Buckwheat is a good option, but some don't care for the honey and it is an annual. It too, would crowd out anything planted alongside it.

You could do half the field with your clovers and the other with a wildflower mix if you want better all-season forage. 

clover and alfalfa are my two big contributors early season - asters and golden rod in the late season. I don't think mass planting of asters would be cost effective - and I don't think golden rod is available commercially.

whatever you decide, your bees will love it.

Jesse


----------



## Lively Bee's (Dec 9, 2004)

Out of the 78 acs we have planted 12 ac's this year for honey production and hay here is the break down.

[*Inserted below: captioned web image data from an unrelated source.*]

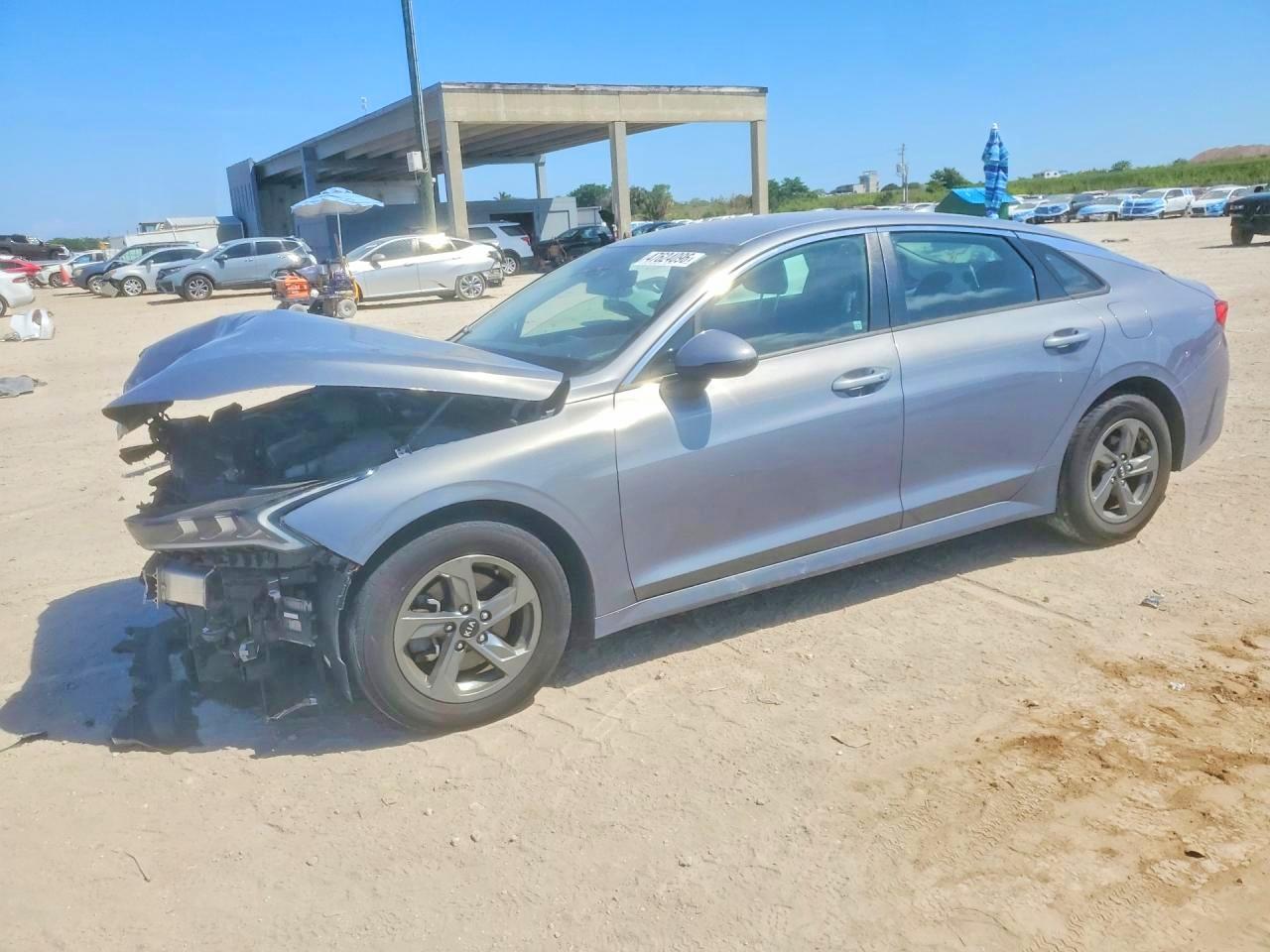 2021 Kia K5 LXS, VIN 5XXG14J22MG075306 — Front end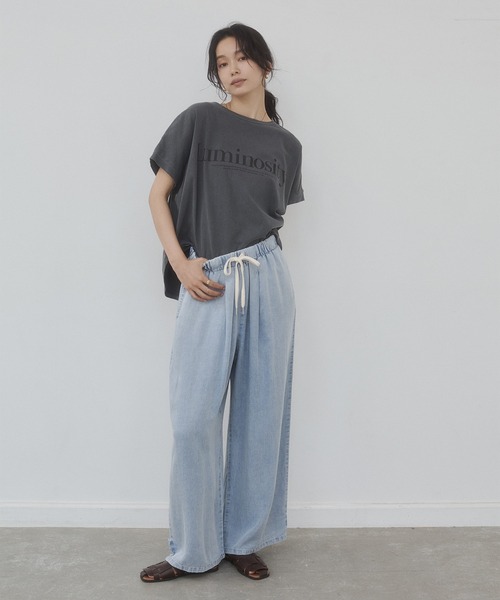 hunch(ハンチ)の「テンセルデニム 裾タブ ワイドパンツ(デニムパンツ・レディース・ブラック/ブルー/ライトブルー・FREE)」の20枚目の写真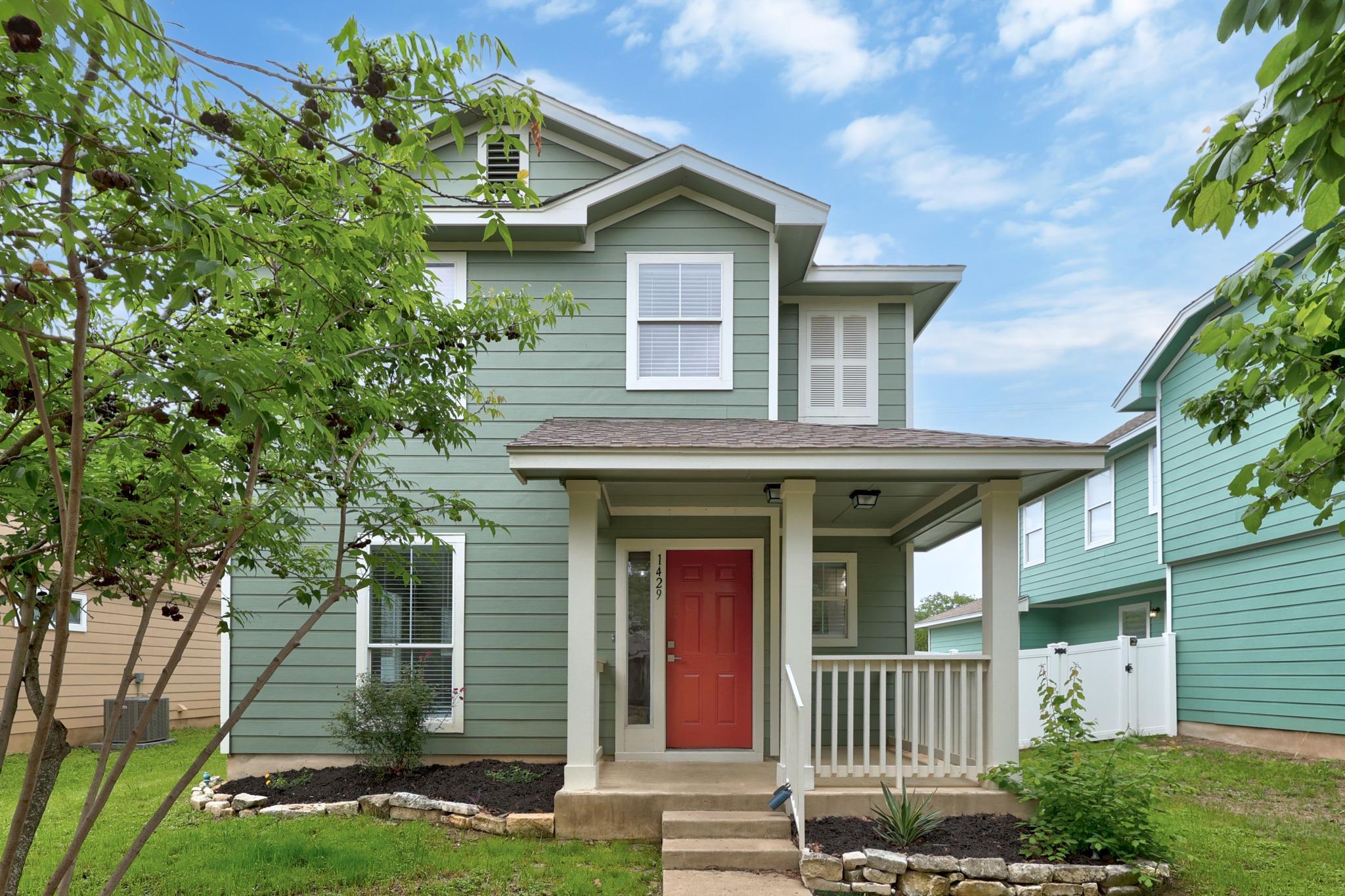 1429 Davis Mountain LOOP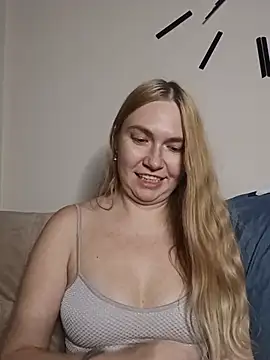 KisaVixen's Live XXX Chat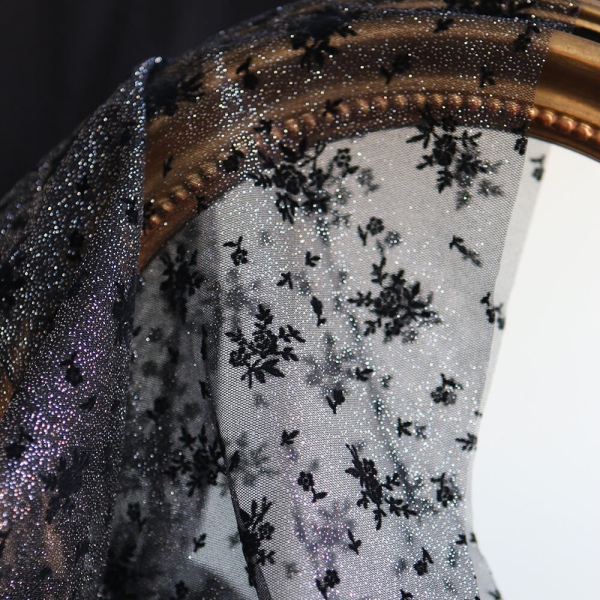 Tulle souple Made in France noir / argenté floqué fleurs velours noir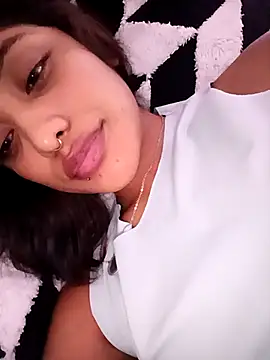 Snapshot of VictoireFeller chatting on September 24, 4:38 am VictoireFeller online show from September 24, 4:38 am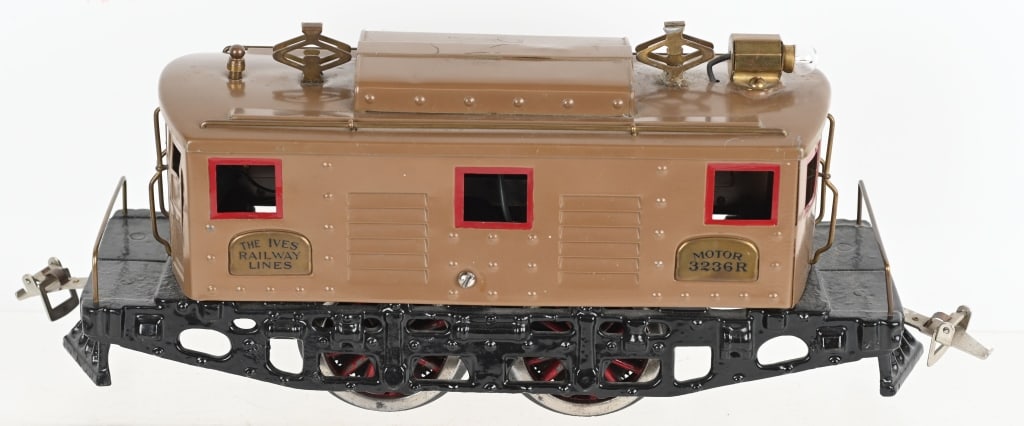 IVES PREWAR STD GA 3236R ELECTRIC LOCOMOTIVE (1 of 3)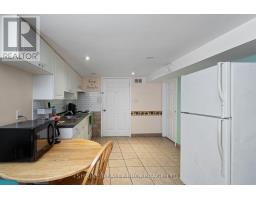 15 GARLAND CRESCENT - 29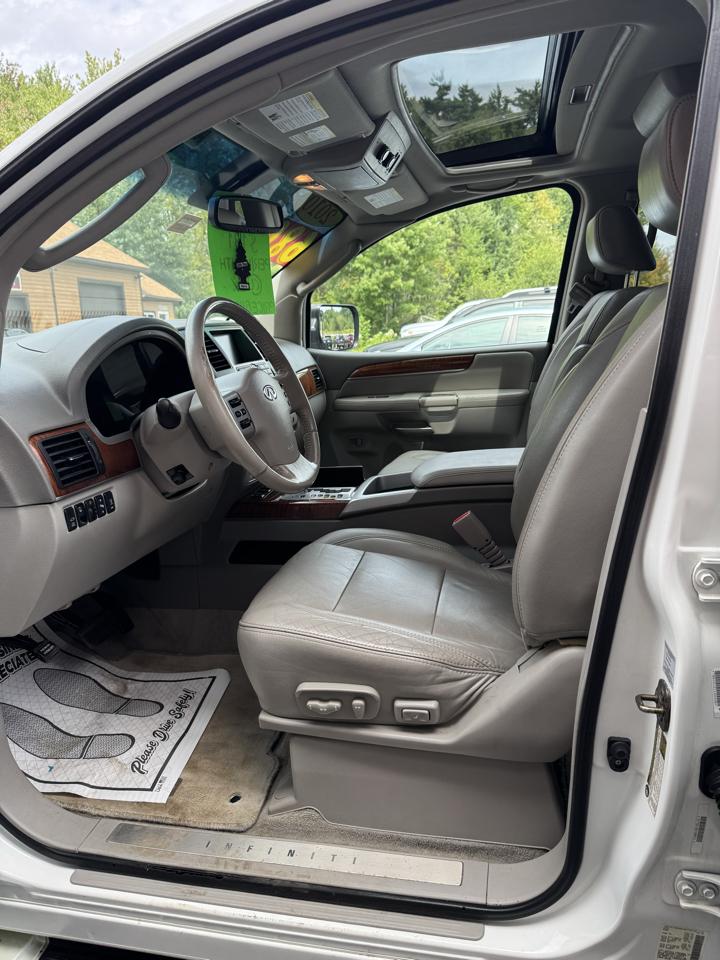 Infiniti QX56 4WD 4dr 2010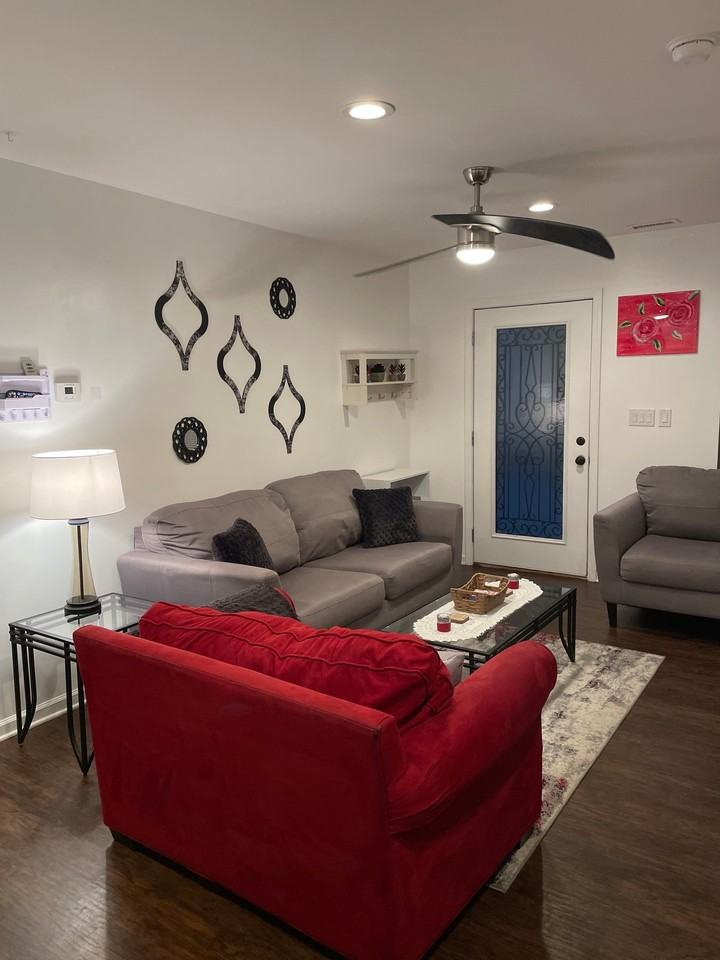 35 Lincoln Ave W - Photo 2 of 20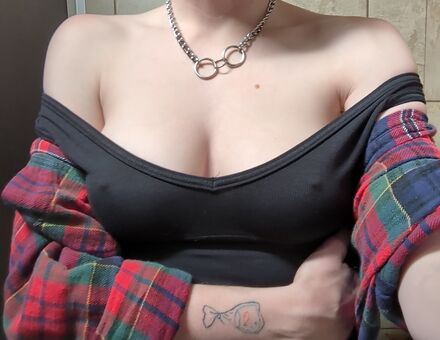 emulicious Голые слитые фото OnlyFans 12
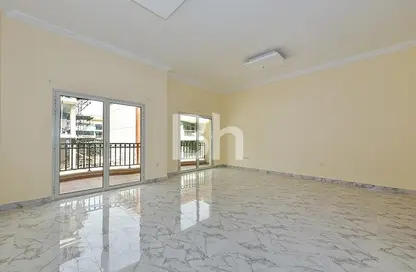 Townhouse - 4 Bedrooms - 6 Bathrooms for rent in Bachour Villas - Jumeirah Village Circle - Dubai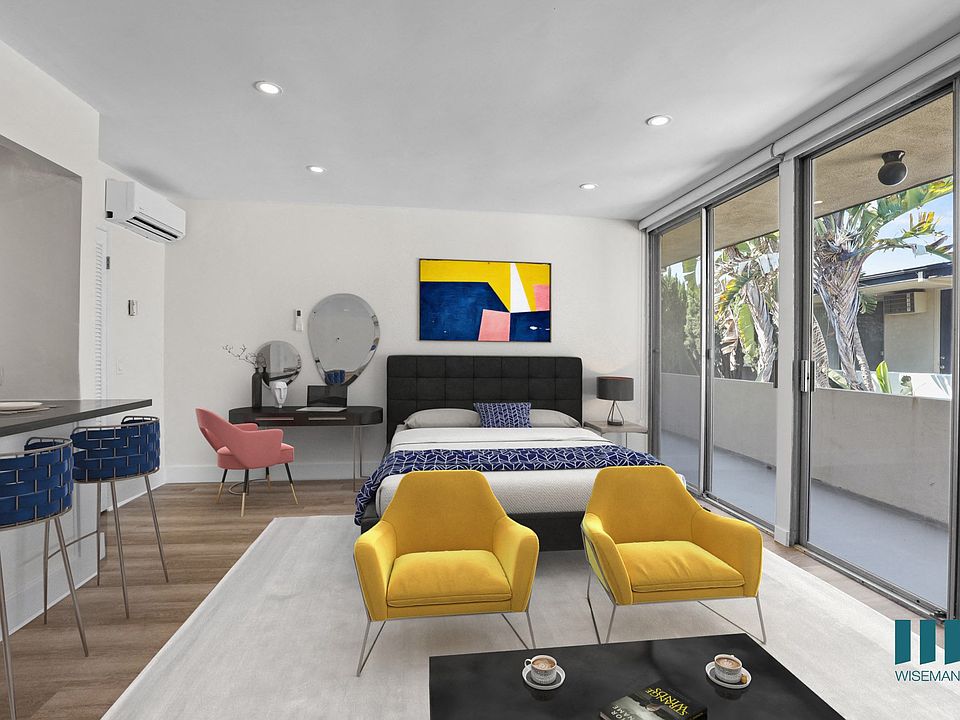 Studio with Floor to Ceiling windows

I planted 8 acs in a three clover mix I did a lot of research and found 3 clovers that have 3 different bloom dates a early mid and late. We turned and disc the field then planted the areas in White, Crimson, Sweet yellow.

We are also going to cut the fields for hay.

I worked with the state hortaculturalist to pick out the seed to match my soil ph it cost me $20 and 2hrs and was well worth my time to go and take with him.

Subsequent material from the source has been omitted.